QEMU-Devel Archive on lore.kernel.org
 help / color / Atom feed
* [PATCH v2 0/2] spapr: Fix device unplug vs CAS or migration
@ 2020-02-14 15:01 Greg Kurz
  2020-02-14 15:01 ` [PATCH v2 1/2] spapr: Don't use spapr_drc_needed() in CAS code Greg Kurz
                   ` (2 more replies)
  0 siblings, 3 replies; 4+ messages in thread
From: Greg Kurz @ 2020-02-14 15:01 UTC (permalink / raw)
  To: David Gibson; +Cc: Laurent Vivier, Alexey Kardashevskiy, qemu-ppc, qemu-devel

While working on getting rid of CAS reboot, I realized that we currently
don't handle device hot unplug properly in the following situations:

1) if the device is unplugged between boot and CAS, SLOF doesn't handle
   the even, which is a known limitation. The device hence stays around
   forever (specifically, until some other event is emitted and the guest
   eventually completes the unplug or a reboot). Until we can teach SLOF
   to correctly process the full FDT at CAS, we should trigger a CAS reboot,
   like we already do for hotplug.

2) if the guest is migrated after the even was emitted but before the
   guest could process it, the destination is unaware of the pending
   unplug operation and doesn't remove the device when the guests
   releases it. The 'unplug_requested' field of the DRC is actually state
   that should be migrated.

Changes since v1:
   - new spapr_drc_transient() helper that covers pending plug and unplug
     situations for both CAS and migration
   - as a mechanical consequence, fix unplug for CAS an migration in the
     same patch

--
Greg

---

Greg Kurz (2):
      spapr: Don't use spapr_drc_needed() in CAS code
      spapr: Fix handling of unplugged devices during CAS and migration


 hw/ppc/spapr_drc.c         |   43 ++++++++++++++++++++++++++++++++++++-------
 hw/ppc/spapr_hcall.c       |   14 +++++++++-----
 include/hw/ppc/spapr_drc.h |    4 +++-
 3 files changed, 48 insertions(+), 13 deletions(-)

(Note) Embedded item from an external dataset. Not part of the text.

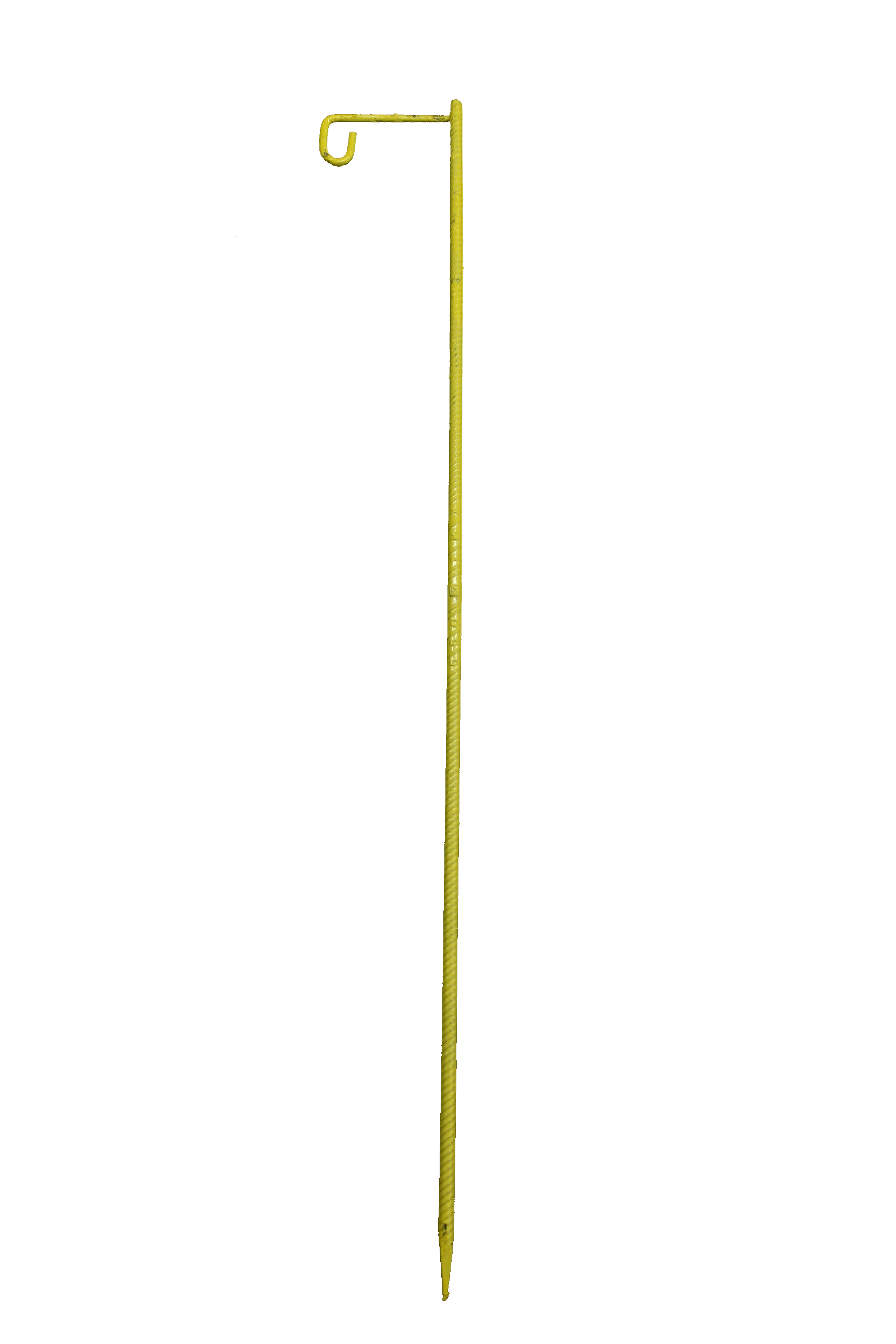 Premium-Zauneisen 115 cm geeignet für 70cm Zaun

^ permalink raw reply	[flat|nested] 4+ messages in thread

* [PATCH v2 1/2] spapr: Don't use spapr_drc_needed() in CAS code
  2020-02-14 15:01 [PATCH v2 0/2] spapr: Fix device unplug vs CAS or migration Greg Kurz
@ 2020-02-14 15:01 ` Greg Kurz
  2020-02-14 15:01 ` [PATCH v2 2/2] spapr: Fix handling of unplugged devices during CAS and migration Greg Kurz
  2020-02-17  0:31 ` [PATCH v2 0/2] spapr: Fix device unplug vs CAS or migration David Gibson
  2 siblings, 0 replies; 4+ messages in thread
From: Greg Kurz @ 2020-02-14 15:01 UTC (permalink / raw)
  To: David Gibson; +Cc: Laurent Vivier, Alexey Kardashevskiy, qemu-ppc, qemu-devel

We currently don't support hotplug of devices between boot and CAS. If
this happens a CAS reboot is triggered. We detect this during CAS using
the spapr_drc_needed() function which is essentially a VMStateDescription
.needed callback. Even if the condition for CAS reboot happens to be the
same as for DRC migration, it looks wrong to piggyback a migration helper
for this.

Introduce a helper with slightly more explicit name and use it in both CAS
and DRC migration code. Since a subsequent patch will enhance this helper
to cover the case of hot unplug, let's go for spapr_drc_transient(). While
here convert spapr_hotplugged_dev_before_cas() to the "transient" wording as
well.

This doesn't change any behaviour.

Signed-off-by: Greg Kurz <groug@kaod.org>
---
v2: - spapr_drc_transient() helper
---
 hw/ppc/spapr_drc.c         |   20 ++++++++++++++------
 hw/ppc/spapr_hcall.c       |   14 +++++++++-----
 include/hw/ppc/spapr_drc.h |    4 +++-
 3 files changed, 26 insertions(+), 12 deletions(-)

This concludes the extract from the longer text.